At Mt Olympus, for example, campers discovered massive tracks embedded in mud near their camp, and, at the southern end of the lake, bushwalkers were horrified to discover a dismembered cow, torn apart only a day or two before by a creature whose paw prints were still visible in the soil about the site.
The author frequently receives such tales from widely-scattered and remote regions of Australia, and many of these reports often concern the loud, weird, screeching sounds made by these animals.
In 1928, in the Great Western Tiers, south-west of Launceston, a group of roadworkers were terrified in their camp one night, by the incessant howling and screaming sounds of two or three unseen creatures. The men were convinced the area was inhabited by “jungle cats”, and refused to stay there another night!
In 1940 outside Strathgordon, west of Lake Gordon in the wild bush country of south-western Tasmania, a farmer and his wife spotted a “seven-foot-length, giant, panther-like animal” [2.13m], as it dashed across their back paddock, and leapt effortlessly over a six foot [1.83m] fence before disappearing into trees.
We turn now to Victoria
On the morning of 29th January 1976, at Lake Merrimu near Bacchus Marsh west of Melbourne, a farmer and his family claimed to have seen a “six foot [1.83m] length, two foot [61cm] tall, black-furred cat-like monster”, as it moved across their property, dragging a dead calf in its powerful jaws. They stood dumbfounded for a moment before the farmer raced into the house to grab a rifle. The animal and its ‘kill’ had by now vanished into scrub, but the man and his teenage son gave chase. The strange beast, however, eluded them in the dense bushland.
East of Melbourne, near Hastings in 1977, a farmer, Mr Todd Anderson, lost three pigs in the space of a week, to a mysterious animal that visited his property at night. Each time it carried off a pig, the creature left behind enormous claw and pad marks in the farmyard soil.
In fact, the “Hastings Monster” has been known for generations to the locals. East of Hastings, across country in the Warragul-Moe districts, this ‘monster’ continues to make its presence known. In 1990, two motorcyclists claim to have been confronted by a “seven foot length [2.13m] head-to-tail, black-furred, panther-like creature”, on a bush tack half way between Warragul and Drouin.

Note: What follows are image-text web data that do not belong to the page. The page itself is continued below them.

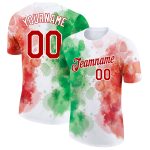 Custom Name Number 3D Mexico Performance T-Shirt, White Red Kelly Green Watercolor Splashes Grunge Design Personalized White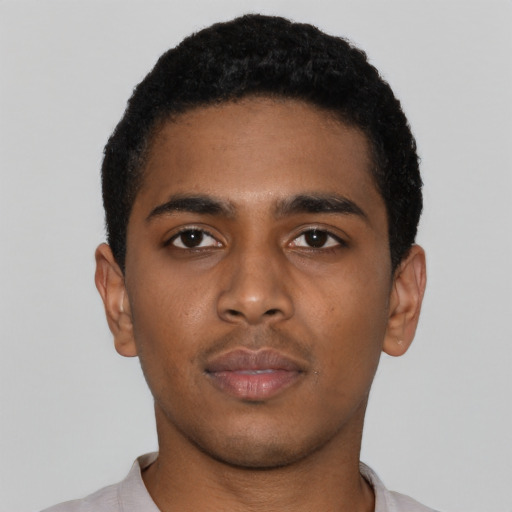 Neutral black young-adult male with short  black hair and brown eyes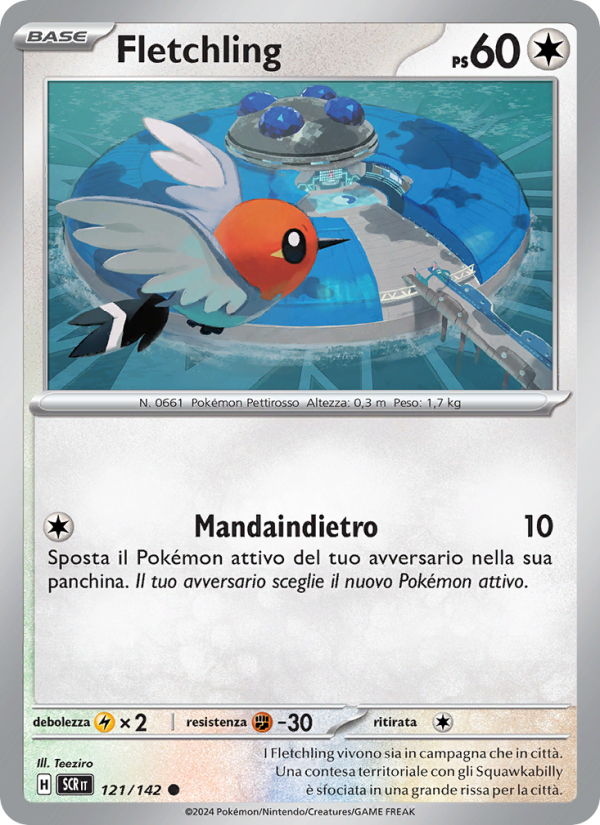Fletchling 121/175 — Stellar Crown (Italian Pokémon TCG card)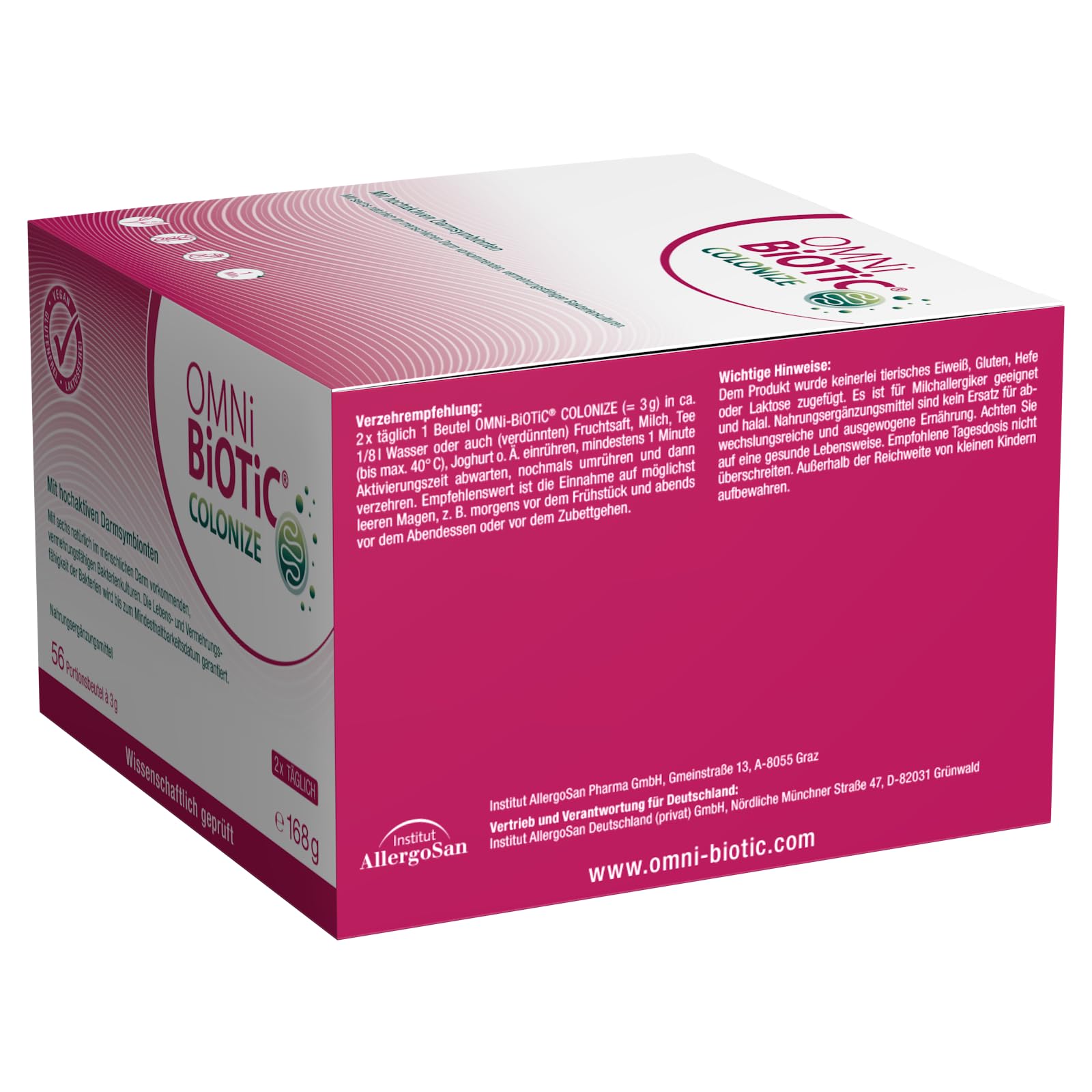 OMNi BiOTiC COLONIZE | 56 Portionen (168 g) | 6 Bakterienstämme | 18 Mrd. Keime pro Tagesdosis | Pulver | Vegan | Zur täglichen Anwendung | Mit Bakterien für die Darmflora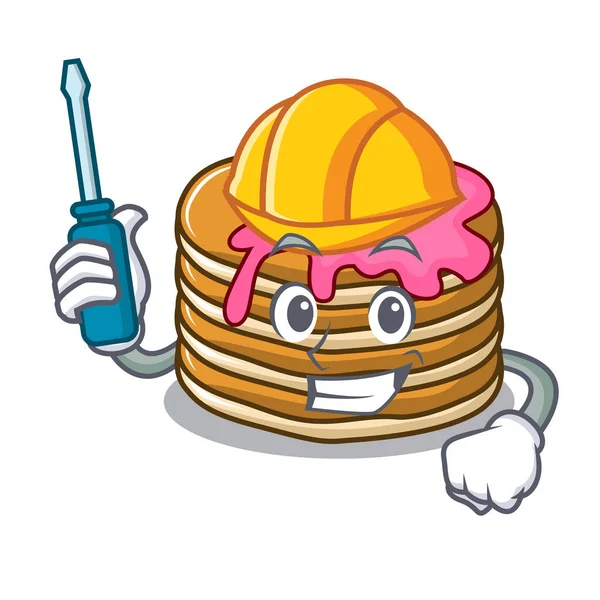 Çilek maskot karikatür ile otomotiv gözleme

In 1999, there were several sightings of a sleek, black-furred, panther-like animal, or animals, in the Moe district. Late one night in March that year, a motorist, John Clark, had to apply the brakes when a large ‘panther’ appeared ahead of his vehicle in the headlights, standing on a lonely bush road. It was dazzled by the headlights glare momentarily, before dashing off the road into the darkness.
During 2000 there were reports of fresh tracks of the “Moe Monster” found on properties about the district. Back in September 1978 a long ‘trackway’ of 15.3cm length paw prints were found on a muddy bush track close to the town. Eleven years later these animals were still being seen thereabouts, for in November 1989, a 1.6m long ‘panther’ was claimed seen crossing a paddock late one afternoon.
In June 1991, I received a report that several pigs and two calves had been killed by a mysterious animal in the vicinity of Yarragon. A farmer, a Mr Davis, discovered his missing animals in a heap in bushland, about two kilometres from his home. All had been mutilated and eaten and all had fang marks behind their heads - a characteristic of ‘panther’ kills.